**Records shown:**
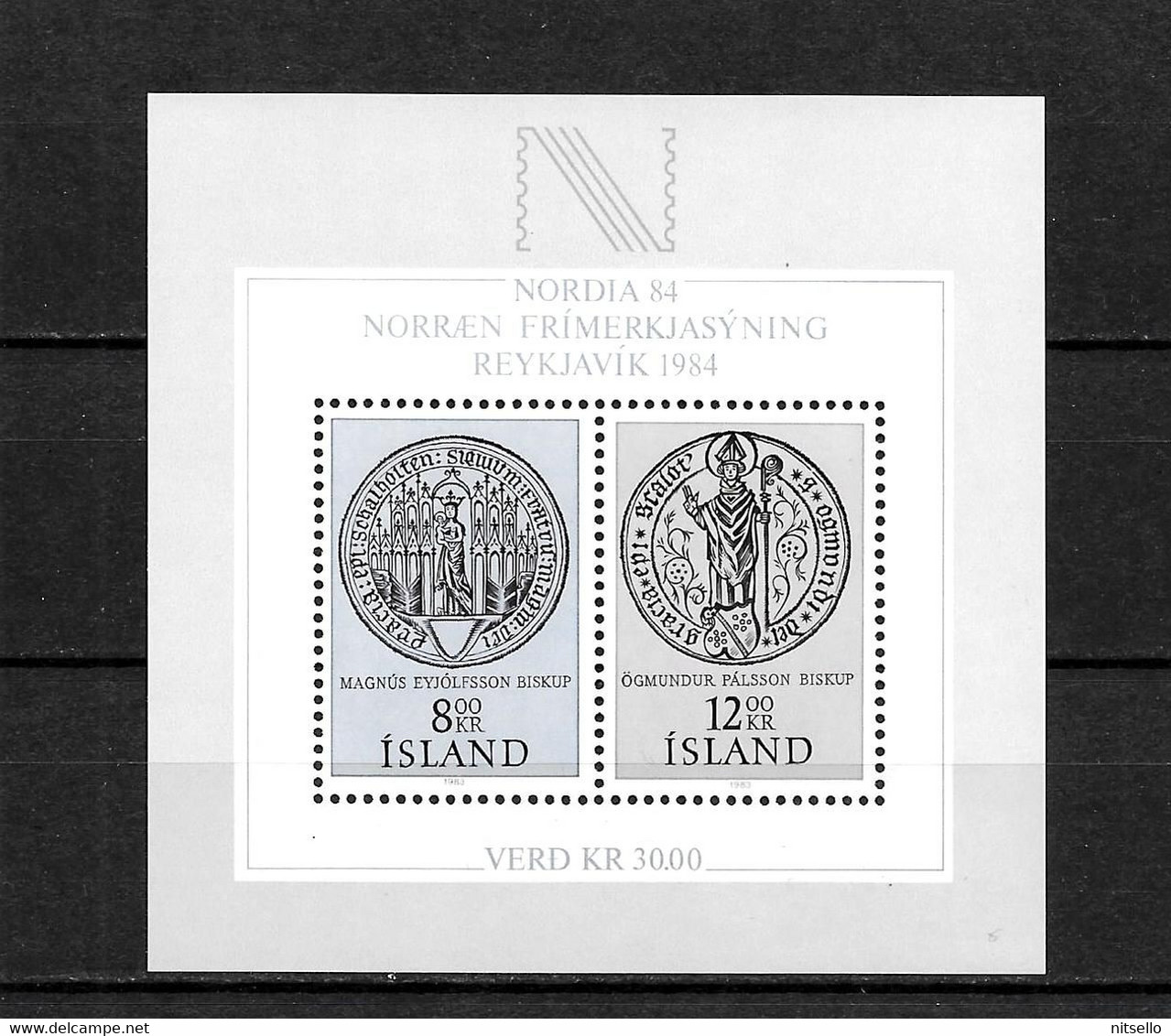 LOTE 2235  ///  ISLANDIA  YVERT Nº: BLOCK 5 **MNH   - CATALOG/COTE: 10,50€  ¡¡¡ OFERTA - LIQUIDATION - JE LIQUIDE !!! - Blocks & Sheetlets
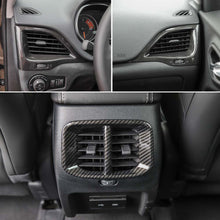 For 2019+ Jeep Cherokee Dashboard Side & Rear Air Vent Outlet Cover Trim Bezels RT-TCZ
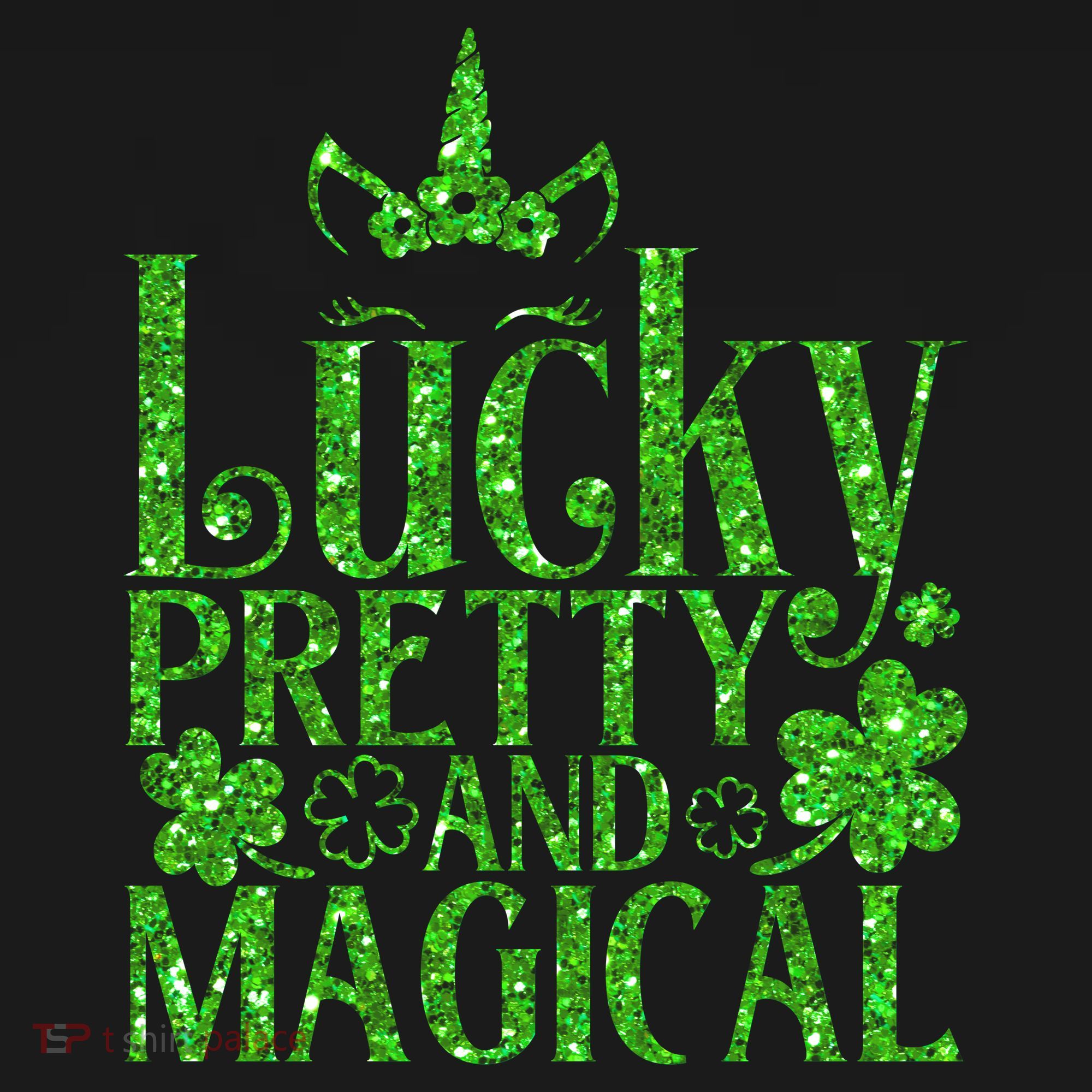 Cute St Patricks Day Lucky Pretty and Magical Backpack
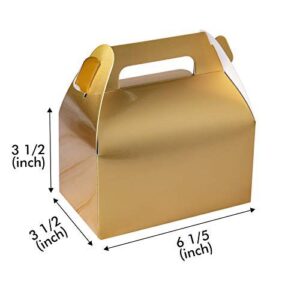 Gold Party Favor Box 1pcs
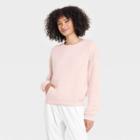 Women's Quilted Crew Sweatshirt - All In Motion Almond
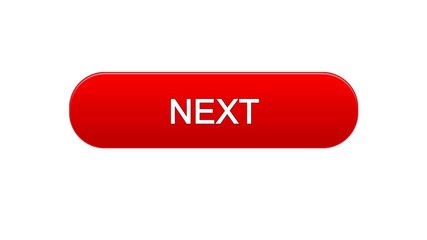 Next web interface button red color, internet site design, online program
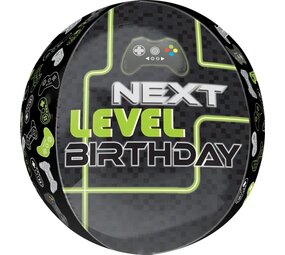 Anagram Orbz balloon Game Controller Next Level Birthday (38cm) filled with helium Anagram Orbz balloon Game Controller Next Level Birthday (38cm) filled with helium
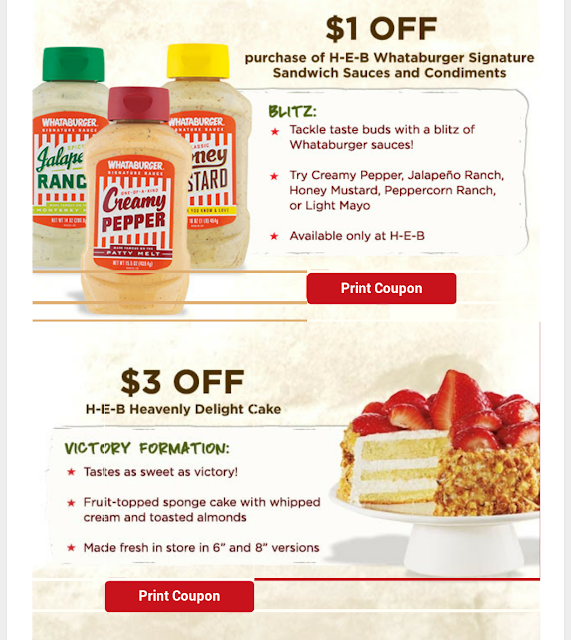 Melissa's Coupon Bargains HEB 8 worth of coupons to print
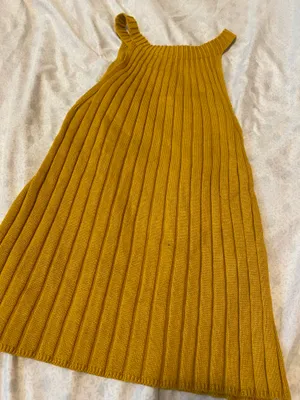 rue and willow yellow sweater tank top thumbnail 2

**Action item:**
Every entry above is to be transcribed exactly, with all pictures left out.

**Exercise output:**
 LOTE 2235  ///  ISLANDIA  YVERT Nº: BLOCK 5 **MNH   - CATALOG/COTE: 10,50€  ¡¡¡ OFERTA - LIQUIDATION - JE LIQUIDE !!! - Blocks & Sheetlets
 For 2019+ Jeep Cherokee Dashboard Side & Rear Air Vent Outlet Cover Trim Bezels RT-TCZ
 Cute St Patricks Day Lucky Pretty and Magical Backpack
 Gold Party Favor Box 1pcs
 Women's Quilted Crew Sweatshirt - All In Motion Almond
 Next web interface button red color, internet site design, online program
 Anagram Orbz balloon Game Controller Next Level Birthday (38cm) filled with helium Anagram Orbz balloon Game Controller Next Level Birthday (38cm) filled with helium
 Melissa's Coupon Bargains HEB 8 worth of coupons to print
 rue and willow yellow sweater tank top thumbnail 2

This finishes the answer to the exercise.